Performance Comparison of DSP and VHDL implementation of Trellis Coded Demodulation
AMIT S. AWATI, HRISHIKESH R. KANITKAR, MAHIMA NANDA,
NIKHIL G. LADDHA, SAVITA G. KULKARNI, ANURADHA C. PHADKE and ALWIN D. ANUSE
Electronics and Telecommunication Department
Pune University
Maharashtra Institute of Technology
Paud Road, Kothrud
Pune – 411038.
India
Abstract:
In most wireless communication systems, convolutional coding is the preferred method of error correction coding to overcome transmission distortions. In this paper we have compared the performance of trellis coded demodulator (viterbi decoder) implemented on TMS320C54XX DSP chip and FPGA Spartan II XC2s50PQ208 kit. In this paper we also present a modified viterbi algorithm in which we have completely eliminated register exchange and traceback approach i.e. no retracing of the survivor path is required which thereby reduces memory requirement, power consumption and reduces the time required for getting the decoded output.
Introduction:
Viterbi decoders are used to decode convolutional coding which has been used in deep communication as well as wireless communications. A wireless cellular standard for CDMA (code division multiple access), IS-95 employs convolutional coding. A third generation wireless standard adopts turbo coding.
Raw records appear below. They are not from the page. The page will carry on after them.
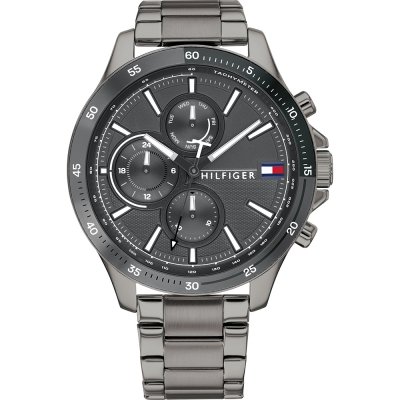 Orologio Tommy Hilfiger 1791719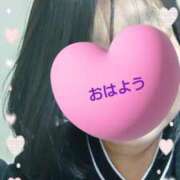 ヒメ日記 2025/02/21 09:18 投稿 リャオ 西川口デッドボール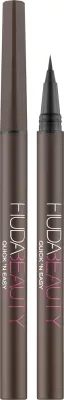 Подводка для глаз Huda Beauty Life Liner Quick N'Easy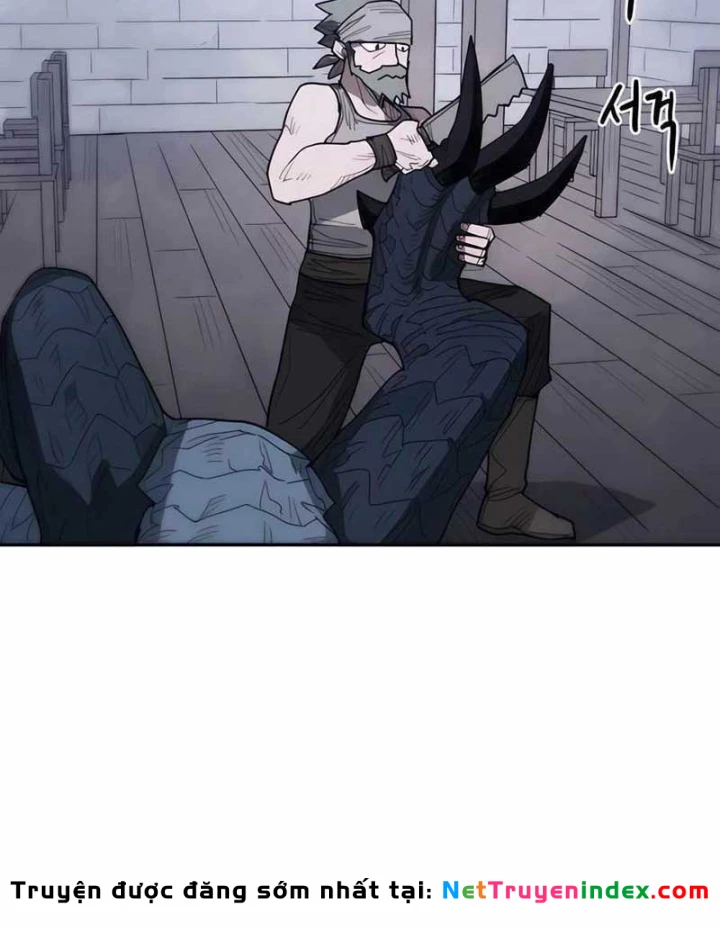Chỉ Là Một Con Mèo Chapter 2 - 57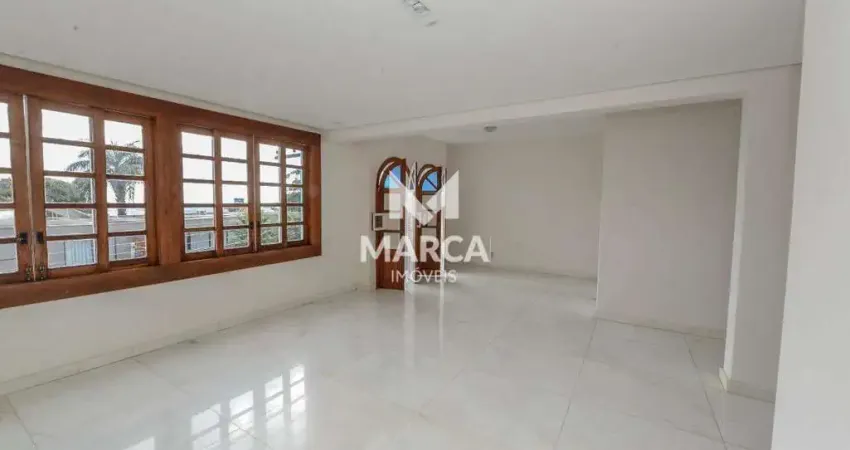 Apartamento 03 quartos , 2 banhos, 1 suíte, 1 vaga - mangabeiras - belo horizonte/mg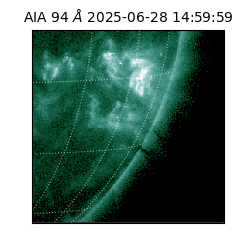 saia - 2025-06-28T14:59:59.122000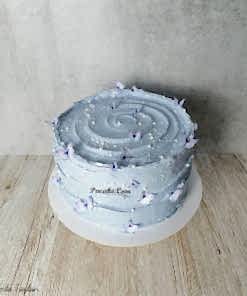Kremali-Pasta-Model-1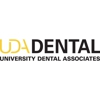 University Dental Associates Weston gallery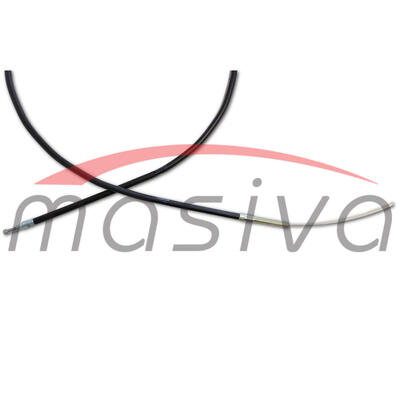 SAJLA KVAČILA GORENJE REX-1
The Viterbi algorithm is to find a maximum-likelihood sequence of state transitions, equivalently a path, in a trellis by assigning a transition metric to possible state transitions. A transition metric is called branch metric, and the cumulative branch metrics along the path from the initial state to a given state is called the path metric of the state. When two or more paths end at the same state, the path with the smallest path metric is selected as the most likely path. The survivor path obtained by backtracking in time corresponds to the decoded output.
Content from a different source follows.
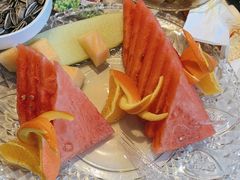-湖锦酒楼·32年地道湖北菜(光谷店)
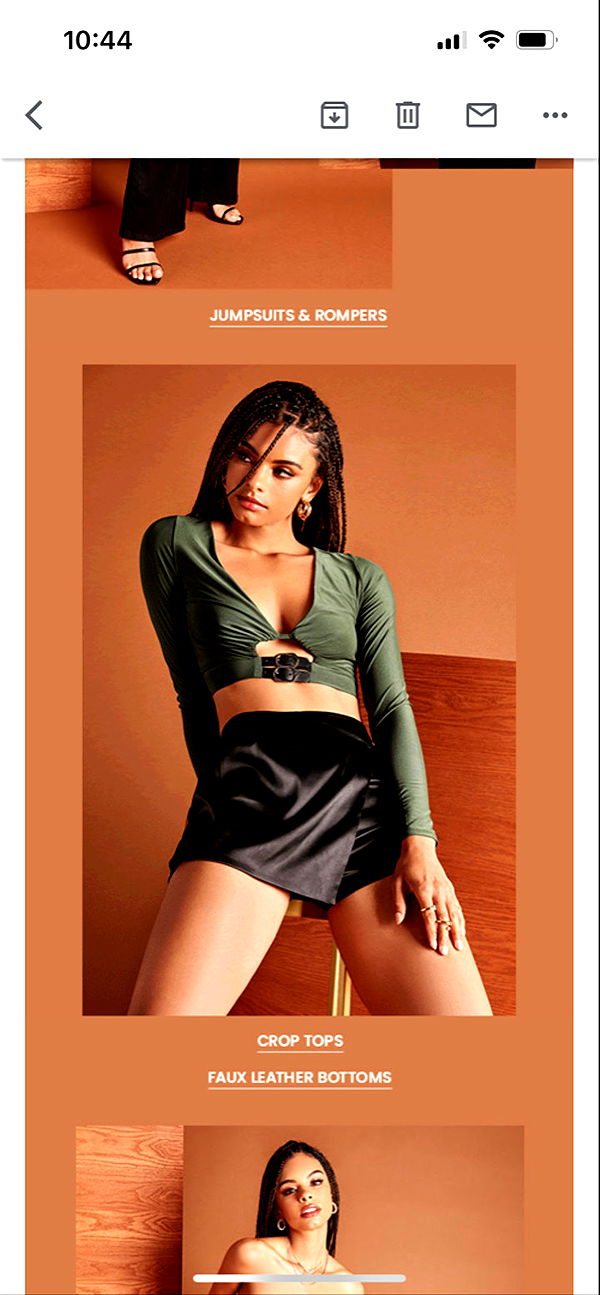 ally1renee image ~ Altpins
The design of high performance viterbi decoders has been investigated intensively in the past three decades. A previously implemented algorithm using traceback method uses the cumulative approach for recording the survivor path whereas in our algorithm we have completely eliminated register exchange and traceback approach i.e. no retracing of the survivor path is required which thereby reduces memory requirement, power consumption and reduces the time required for getting the decoded output.
The hardware complexity of the viterbi decoder is proportional to the number of states in the trellis, which is equal to the number of states of the corresponding convolutional encoder.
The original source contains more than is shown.